Objective: Because of the modest immunotherapeutic response among ovarian carcinoma (OC) patients, it is significant to evaluate antitumor immune response and develop more effective precision immunotherapeutic regimens. Here, this study aimed to determine diverse immune subtypes of OC. Methods: This study curated the expression profiles of prognostic immunologically relevant genes and conducted consensus clustering analyses for determining immune subtypes among OC patients in TCGA cohort. With Boruta algorithm, characteristic genes were screened for conducting an immune scoring system through principal component analysis algorithm. The single-sample gene set enrichment analysis and ESTIAMTE methods were adopted for quantifying the immune infiltrates and responses to chemotherapeutic agents were estimated with pRRophetic algorithm.
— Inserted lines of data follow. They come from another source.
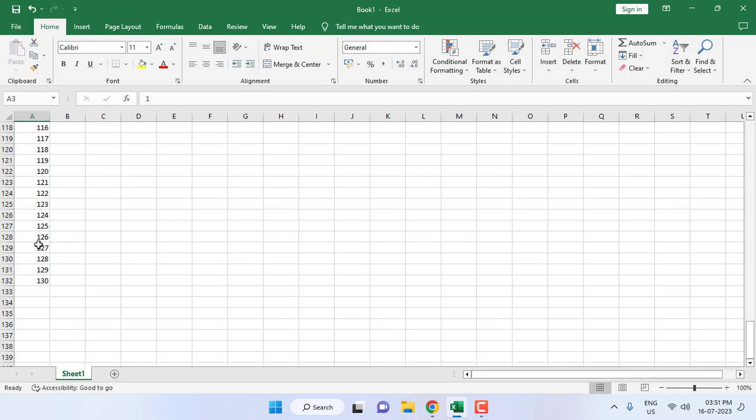So this is a simple and best way. I think it is the best way to insert serial numbers in Microsoft Excel. Thanks for watching guys. Catch you next video. Please like, share, and subscribe. Thank you very much.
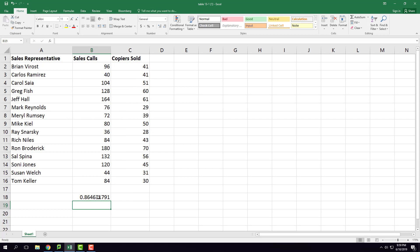So it is very close to one. As you might remember, the correlation coefficient is between minus one and plus one. It's very close to one, so there's a strong correlation between calls made and copiers sold.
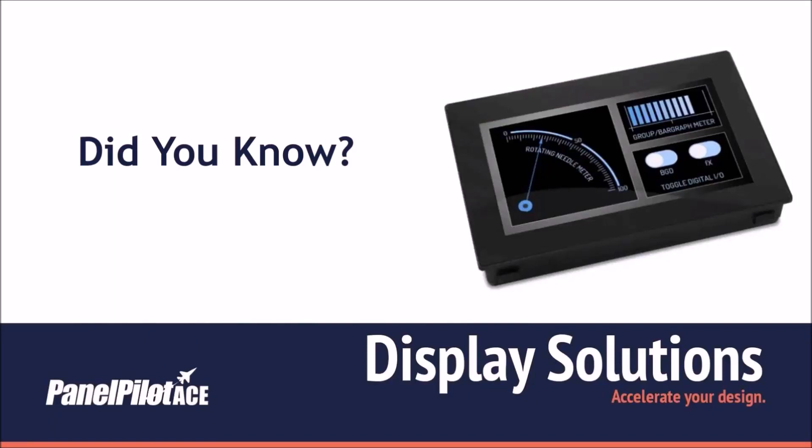Hello and welcome to this PanelPilot ACE tutorial. In this tutorial we will show you some helpful tips and tricks to make using the design software easier.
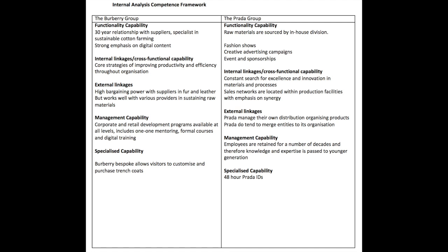Sales are also located within production facilities with emphasis on synergy, external linkages, high-bargaining power suppliers, and fur and leather, but work well with various providers to sustain the raw materials. Prada manage their own distribution and organizing products. Prada do tend to merge entities to its own organization.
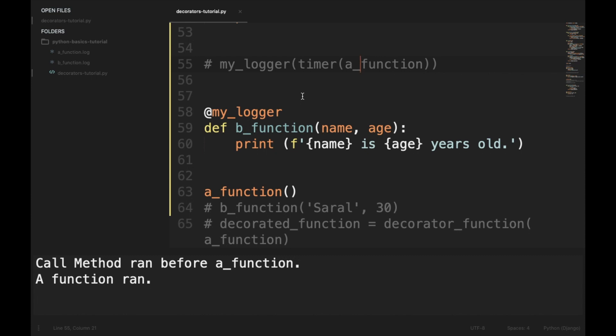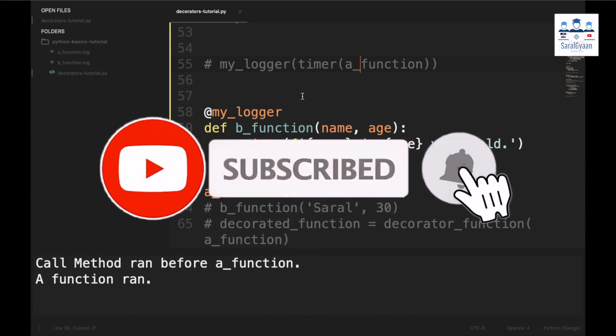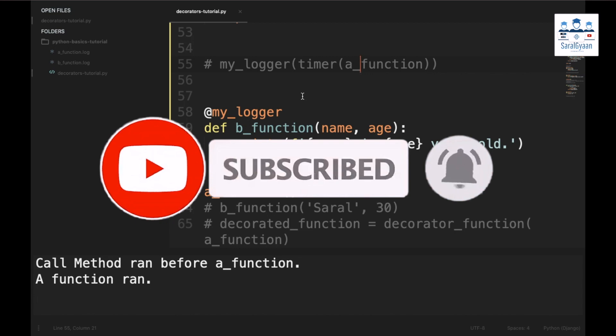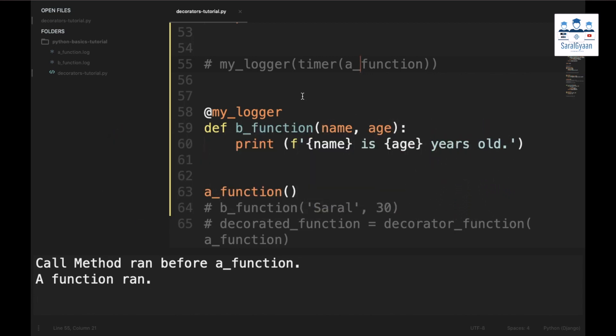Now we have learned all the basics and some advanced features of Python decorators, and you should start using them. Let me know in the comments for which use case decorators were helpful to you. If you liked the video, please give it a thumbs up and share it with someone who might find it helpful. If you haven't subscribed to our channel yet, please subscribe and hit the bell icon for future notifications — it keeps us motivated to create more helpful videos. Thanks for now, bye bye.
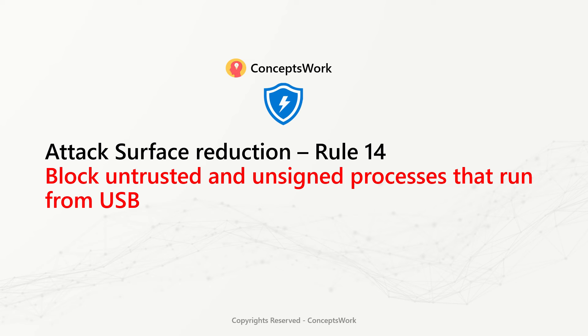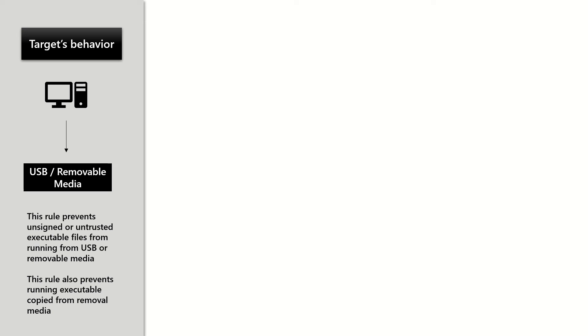Attack Surface Reduction Rule 14 blocks untrusted and unsigned processes that run from USB. The behavior targeted by this rule is the way files are getting executed while they have been copied from removable media.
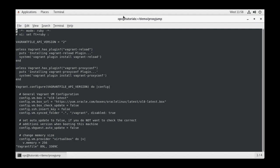The outer config block starts with the Vagrant.configure statement, which takes the API version as a parameter. All items belonging to this block begin with the config name. Let's walk through them.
Two immunotherapeutic cohorts were used for investigating the efficacy of immune score in predicting therapeutic benefits. Results: Two immune subtypes were conducted among 377 OC patients. Immune subtype 2 was characterized by worse clinical prognosis, more frequent genetic variations and mutations, enhanced immune infiltrates, and increased expression of MHC molecules and programmed cell death protein 1/programmed death ligand 1 (PD-1/PD-L1). In total, 30 prognosis-relevant characteristic immune subtype–derived genes were identified for constructing the immune score of OC patients. High immune score was linked with more dismal prognosis, decreased immune infiltrations, and expression of MHC molecules. High immune score presented favorable sensitivity to doxorubicin and vinorelbine and reduced sensitivity to cisplatin. In addition, immune score possessed the potential in predicting benefits from anti–PD-1/PD-L1 therapy. Conclusion: Collectively, our findings propose two complex and diverse immune subtypes of OC. Quantitative assessment of immune subtypes in individual patients strengthens the understanding of tumor microenvironment features and promotes more effective immunotherapeutic regimens.